Impossible en effet pour leur utilisateur de tracer ses propres figures. Et jusqu’à présent, relever ce défi semblait impossible. Car si l’oeil peut suivre très efficacement un objet qui se déplace, il n’est pas capable de réaliser des mouvements lisses et réguliers devant un arrière-plan statique. D’où l’idée de Jean Lorenceau, chercheur CNRS au sein du Centre de recherche de l’Institut du Cerveau et de la Moelle Epinière (CNRS/UPMC/INSERM) d’utiliser une illusion visuelle connue depuis les années 70, la reverse-phi, qui n’avait encore jamais trouvé d’application, pour obtenir de l’oeil des trajectoires lisses.
Cette illusion se produit lorsque, sur un écran, s’affichent quelques centaines de disques dont la luminance varie au cours du temps à une fréquence d’environ 10-15 Hertz.

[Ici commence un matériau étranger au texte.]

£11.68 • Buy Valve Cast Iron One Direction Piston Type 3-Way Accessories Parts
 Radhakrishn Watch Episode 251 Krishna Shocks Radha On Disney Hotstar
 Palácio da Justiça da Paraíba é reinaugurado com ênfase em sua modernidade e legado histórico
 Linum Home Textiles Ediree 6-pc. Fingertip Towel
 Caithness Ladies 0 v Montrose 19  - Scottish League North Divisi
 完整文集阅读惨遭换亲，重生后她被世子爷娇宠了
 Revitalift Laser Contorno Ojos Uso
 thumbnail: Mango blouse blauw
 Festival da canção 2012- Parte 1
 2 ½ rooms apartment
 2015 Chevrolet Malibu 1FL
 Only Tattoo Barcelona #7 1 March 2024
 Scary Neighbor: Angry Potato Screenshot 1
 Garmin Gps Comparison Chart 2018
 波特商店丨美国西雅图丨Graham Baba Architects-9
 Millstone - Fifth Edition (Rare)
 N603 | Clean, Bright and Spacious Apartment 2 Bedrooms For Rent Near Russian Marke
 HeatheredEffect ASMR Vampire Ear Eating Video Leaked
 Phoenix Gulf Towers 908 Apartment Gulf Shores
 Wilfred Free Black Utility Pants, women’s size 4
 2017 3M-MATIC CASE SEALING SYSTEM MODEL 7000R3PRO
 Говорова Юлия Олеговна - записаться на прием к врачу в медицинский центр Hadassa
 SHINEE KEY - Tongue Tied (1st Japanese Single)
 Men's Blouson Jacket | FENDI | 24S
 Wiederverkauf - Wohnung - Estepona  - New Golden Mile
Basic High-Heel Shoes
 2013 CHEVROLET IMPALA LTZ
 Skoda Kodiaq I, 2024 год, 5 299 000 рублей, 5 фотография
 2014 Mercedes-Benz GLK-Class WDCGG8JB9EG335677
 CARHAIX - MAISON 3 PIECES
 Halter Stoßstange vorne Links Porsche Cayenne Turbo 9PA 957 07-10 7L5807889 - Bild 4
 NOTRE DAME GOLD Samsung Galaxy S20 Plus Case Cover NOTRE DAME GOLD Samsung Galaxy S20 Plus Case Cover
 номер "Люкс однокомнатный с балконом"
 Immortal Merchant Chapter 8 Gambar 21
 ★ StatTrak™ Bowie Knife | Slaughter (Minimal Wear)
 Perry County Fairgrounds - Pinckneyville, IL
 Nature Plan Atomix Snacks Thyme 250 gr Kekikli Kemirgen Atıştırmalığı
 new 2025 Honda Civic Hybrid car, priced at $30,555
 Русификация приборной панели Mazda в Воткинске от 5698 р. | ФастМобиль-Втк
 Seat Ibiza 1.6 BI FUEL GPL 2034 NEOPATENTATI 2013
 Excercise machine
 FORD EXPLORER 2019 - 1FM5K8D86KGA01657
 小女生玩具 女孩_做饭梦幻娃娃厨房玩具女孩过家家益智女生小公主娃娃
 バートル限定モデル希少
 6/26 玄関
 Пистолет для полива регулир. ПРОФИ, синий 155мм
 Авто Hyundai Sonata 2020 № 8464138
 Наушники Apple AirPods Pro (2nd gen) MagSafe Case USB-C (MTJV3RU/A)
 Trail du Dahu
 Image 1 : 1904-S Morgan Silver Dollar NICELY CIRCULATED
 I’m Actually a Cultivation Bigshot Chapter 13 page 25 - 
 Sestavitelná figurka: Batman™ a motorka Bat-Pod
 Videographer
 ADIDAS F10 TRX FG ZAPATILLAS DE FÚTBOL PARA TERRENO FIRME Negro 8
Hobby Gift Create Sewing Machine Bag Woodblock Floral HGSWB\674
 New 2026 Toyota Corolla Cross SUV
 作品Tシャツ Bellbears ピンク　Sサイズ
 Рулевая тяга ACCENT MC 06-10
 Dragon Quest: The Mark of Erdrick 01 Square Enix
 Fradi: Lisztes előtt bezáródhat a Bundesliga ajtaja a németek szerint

Lorsqu’un sujet déplace alors son regard sur ce fond clignotant, il a la nette impression que les disques se déplacent avec le mouvement de ses yeux. Puisque l’oeil humain est capable de suivre avec précision des objets qui bougent, le déplacement illusoire des disques induit par le mouvement donne à ceux-ci une sorte d’appui mouvant qui va leur permettre de réaliser des trajectoires régulières et non saccadées.
En associant un oculomètre qui enregistre les mouvements de l’oeil de l’utilisateur et un logiciel permettant de les visualiser sur un écran, Jean Lorenceau a donc conçu un dispositif grâce auquel il est possible de tracer des lettres avec les yeux. Seules deux à quatre sessions d’entraînement, d’une trentaine de minutes chacune, sont nécessaires à un utilisateur pour parvenir à maîtriser les mouvements de ses yeux.
Les tests réalisés ont montré qu’après avoir appris à percevoir le mouvement reverse-phi, l’utilisateur finit par véritablement s’accrocher à ce mouvement, un peu comme un surfer le fait avec la vague. Bien entraînée, une personne utilisant ce dispositif peut écrire à la même vitesse qu’avec sa main, d’autant plus que l’entraînement finit par faire émerger des automatismes qui facilitent l’exercice et le rendent moins fatiguant.
Prochaine étape, proposer ce dispositif à des personnes atteintes d’une sclérose latérale amyotrophique. Mais à plus long terme, Jean Lorenceau estime que ce système pourrait servir à l’entraînement des pilotes, des chirurgiens, des sportifs, voire des artistes, et permettre de concevoir des systèmes de sécurité basés sur la reconnaissance de mouvements oculaires.